Racing: Fota Island to end Moscow Flyer's reign
Wednesday 15 March 2006
If actions really do speak louder than words, then this afternoon Moscow Flyer will join Badsworth Boy as a three-time winner of the Queen Mother Champion Chase. For the talk emanating yesterday from some of those closely associated with the horse who, until quite recently, has been the best steeplechaser in Ireland, was not so much fighting as all-out nuclear Armageddon.
"I thought he was a certainty last year and I think he's a certainty again," said the great gelding's rider, Barry Geraghty. "And there's no Azertyuiop, no Well Chief this time. If he's even a stone off what he was last year he can beat this lot. He's only got to be a bit better than he's been this season to beat our best on the ratings, Central House.
"I think Kauto Star is well over-rated; that wasn't a great Tingle Creek he won. I don't think he's that good. And maybe the ground is going against Fota Island, who was my dark horse."
Geraghty's bias may be understandable. He has ridden the wonderful Jessica Harrington-trained 12-year-old in all bar six of his 43 races and to 25 of his 26 wins. But again, he is probably the man most able to judge the wellbeing of the equine athlete beneath him, and he is one of the sharpest analytical brains in the weighing room.
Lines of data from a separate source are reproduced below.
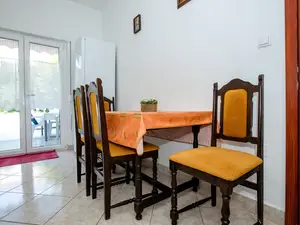 Ferienwohnung für 9 Personen (100 m²) in Rab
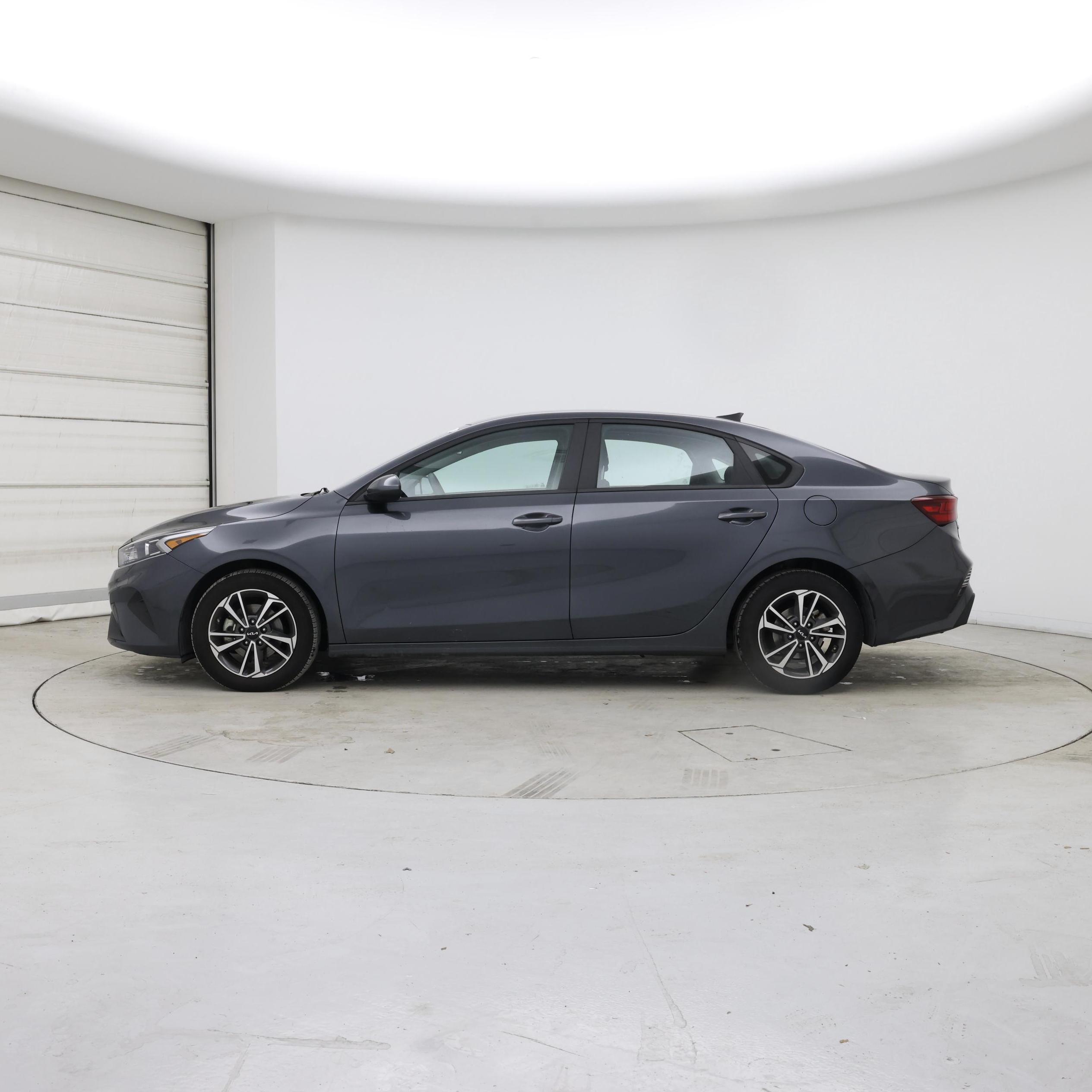 Thumbnail: 2024 Kia Forte - 3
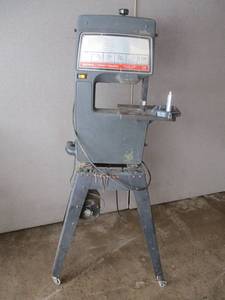 lot 5 image: Band SawSander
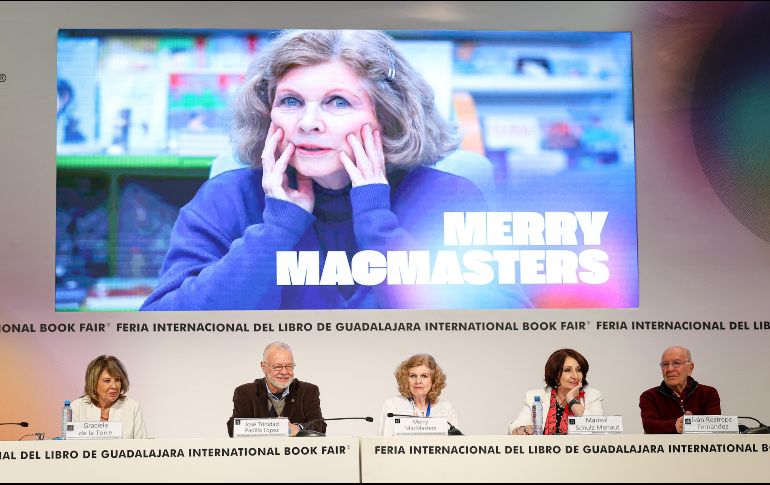 Durante el homenaje, MacMasters compartió su asombro y gratitud ante el reconocimiento. EL INFORMADOR/ H. FIGUEROA.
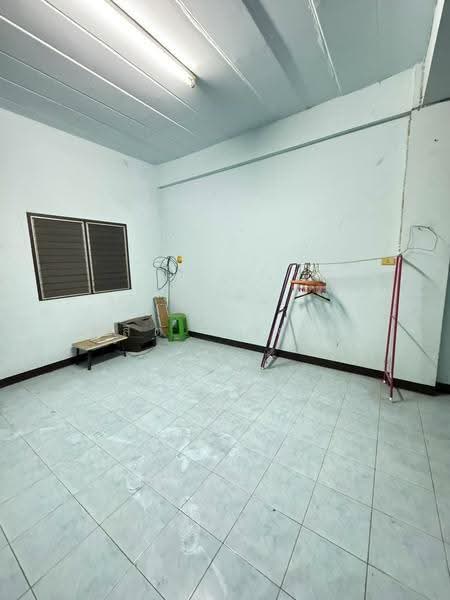 ให้เช่าอาคาคาณพาณิชย์ 3 ชั้น ติดถนน เครือสหพัฒน์ ศรีราชา, Chon Buri (Pattaya), Bueng, Si Racha, Chon Buri (Pattaya), , 100 sqm, Shophouse For Rent, by Dusit Saengfa, 500512472 - DDproperty.com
The last time he rode the Flyer in anger was late last December, when he plodded in fourth in the race won in such dramatic fashion by Hi Cloy, the one where the hapless Roger Loughran threw victory away on Central House by celebrating early. Harrington's horses were in miserable form then but though the inmates of her Co Kildare yard are now in rude health, Moscow Flyer famously appeared not to sparkle in a recent schooling gallop at Leopardstown.
Though a little more measured in her assessment of the situation, Harrington still keeps the faith. "I've got to," said the mistress of Commonstown. "He looks well, and is well. There's nothing physically wrong with him. In fact, he's had a better preparation for this year's race than last year's, when he was nursing a bruised foot. There is the possibility that he's nursing old age now. But maybe in hindsight that spin at Leopardstown wasn't as bad as we thought, he's just getting a bit cute about just galloping.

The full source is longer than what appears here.